A host of bogus theories and fantasies have floated around the official position of the 21 MPs who lost the Whip last month. There were claims that prior readoption by their associations protected them (it doesn’t), and there was even excited talk that some would take the Conservative Party to court to overturn the decision or insist on their right to be a Conservative candidate (they haven’t, for the good reason that they would lose).
Not all of the 21 are even interested in regaining a future as Conservative MPs.
Some are off the reservation entirely, and seek careers elsewhere. Sam Gyimah has joined the Liberal Democrats. Rory Stewart has resigned his Tory membership and intends to stand for Mayor of London as an independent.
Some – including Ken Clarke, Nicholas Soames, Justine Greening and Oliver Letwin – don’t intend to stand for Parliament again. Letwin’s seat was the first of the 21 to select a successor candidate.
A number of the others, however, would like some sort of route back.

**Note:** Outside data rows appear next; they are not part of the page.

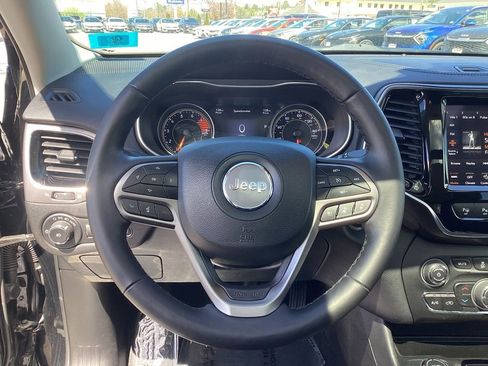 Used 2021 Jeep Cherokee Limited w/ Elite Package AWD/4WD image 17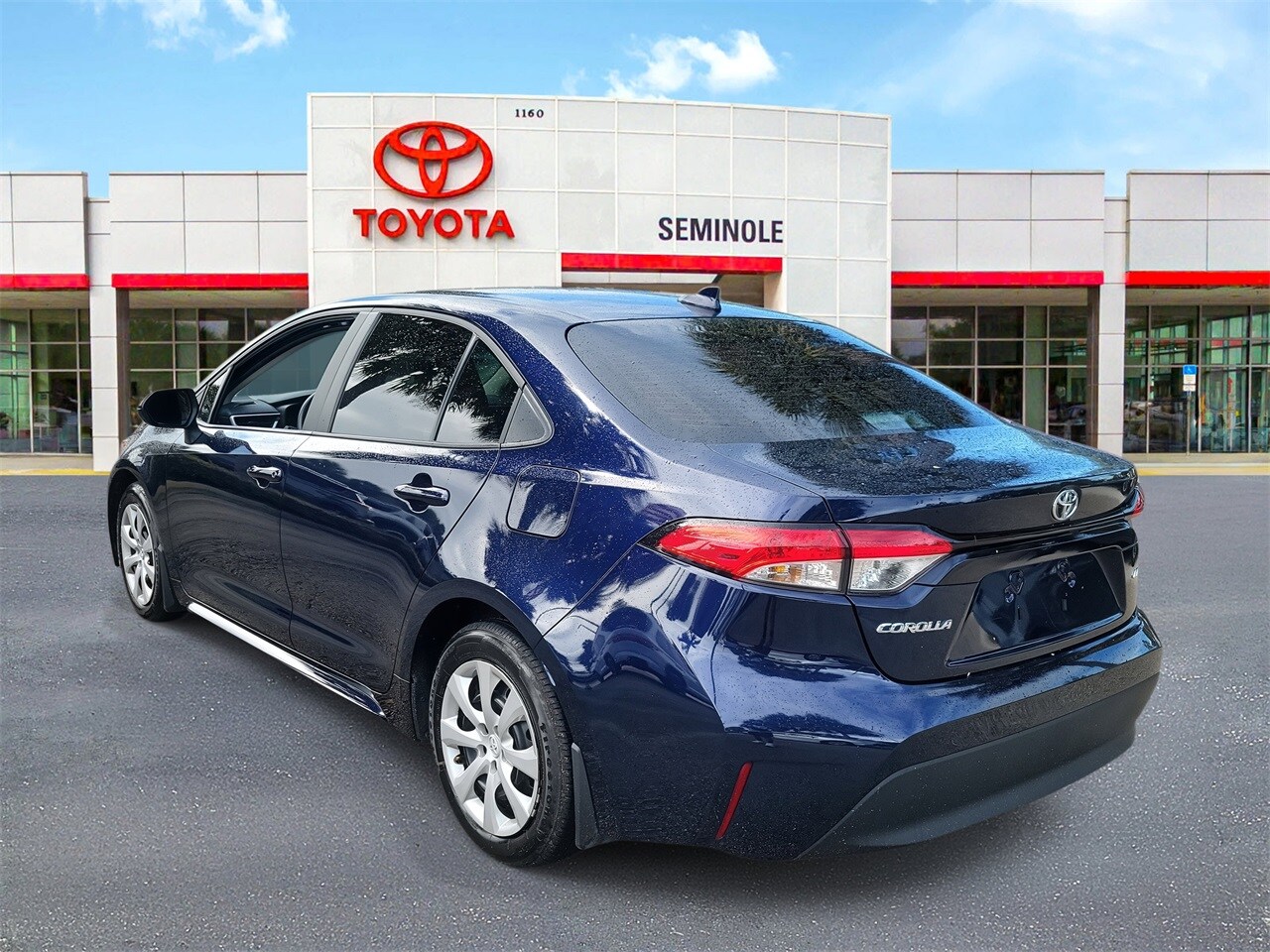 2025 Toyota Corolla LE photo 4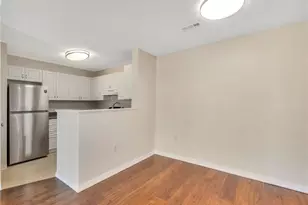 96 Mill St, Woonsocket, RI 02895 - Photo 8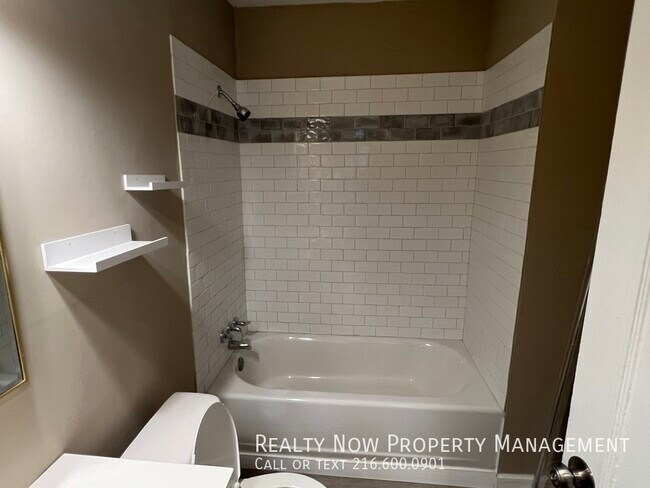 Building Photo - 3346 Desota Ave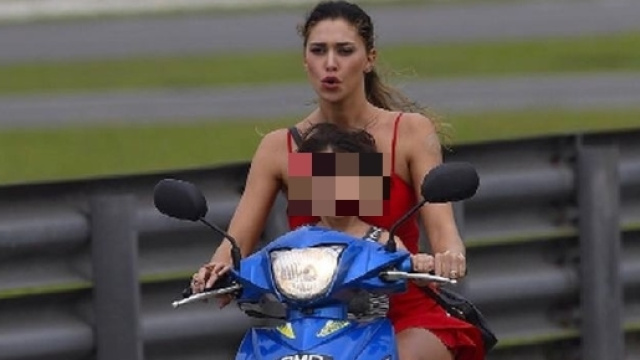 Belen e il piccolo Santiago sul ciclomotore senza caschi protettivi.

Quite how that might technically happen has been a bit of a mystery so far; until now.
I can reveal that there is a formal process buried in the thicket of agreements and addenda which have attached themselves over the years to the Conservative Party’s rules.
After Michael Howard ruthlessly stripped Howard Flight of the Whip in 2005, thereby deselecting him and denying him the right to stand as a Tory in that year’s General Election, the 1922 Committee – rather alarmed by that summary execution – demanded some kind of protection against abuse of such power by the leadership.
They had to wait for a new leader to be elected, so it was in 2006 that David Cameron, Patrick McLoughlin (then Chief Whip) and Sir Michael Spicer (then Chairman of the ’22) put their names to an agreement creating an appeal process for MPs who lose the Whip.
It works like this: within six months of an anticipated General Election, any de-whipped former Conservative MP may request to appeal their status. A panel of three people is then convened, composed of an MP nominated by the Chairman of the ’22, a representative of the voluntary party nominated by the President of the National Convention, and a third person mutually agreed between the ’22, the Convention and the Chief Whip.
The MP then pleads their case – and if successful can regain not the Whip but their membership of the Candidates’ List, ie the right to apply to stand again as a Conservative candidate and re-enter the fold following the ensuing election.
There are a few things to note. First, even for any MP who navigated the panel successfully this arrangement still rightly leaves the final verdict to readopt or not in the hands of their association
Second, there are no specified criteria for judging the MP’s fate. And as the process has so far never been used, there is no case law. In essence it will inevitably be a political decision for the panel, and likely the powers that be. “The MP’s conduct since losing the Whip is likely to feature”, as one person close to the process put it to me.
Third, the particular carrot – regaining the right to stand again, rather than automatic full reinstatement immediately – might lend itself to applying conditions for good behaviour between now and the elusive election. It isn’t hard to imagine a panel effectively binding a supplicant MP over to keep the peace/support Brexit as a requirement for later release from their exile.
I’m told it is expected that at least one of the 21 will seek to exercise this right to appeal, and possibly several will do so. We don’t know yet on what basis their case will be made: continued Hammond-like, defiance on the issue which cost them the Whip in the first place, or an attempt at reconciliation. By the same token, we don’t know yet what attitude the panel will take to them, or what conditions it might apply if it was willing to consider a return. Ultimately, you can bet that it will be a purely political call: does the leadership want them back?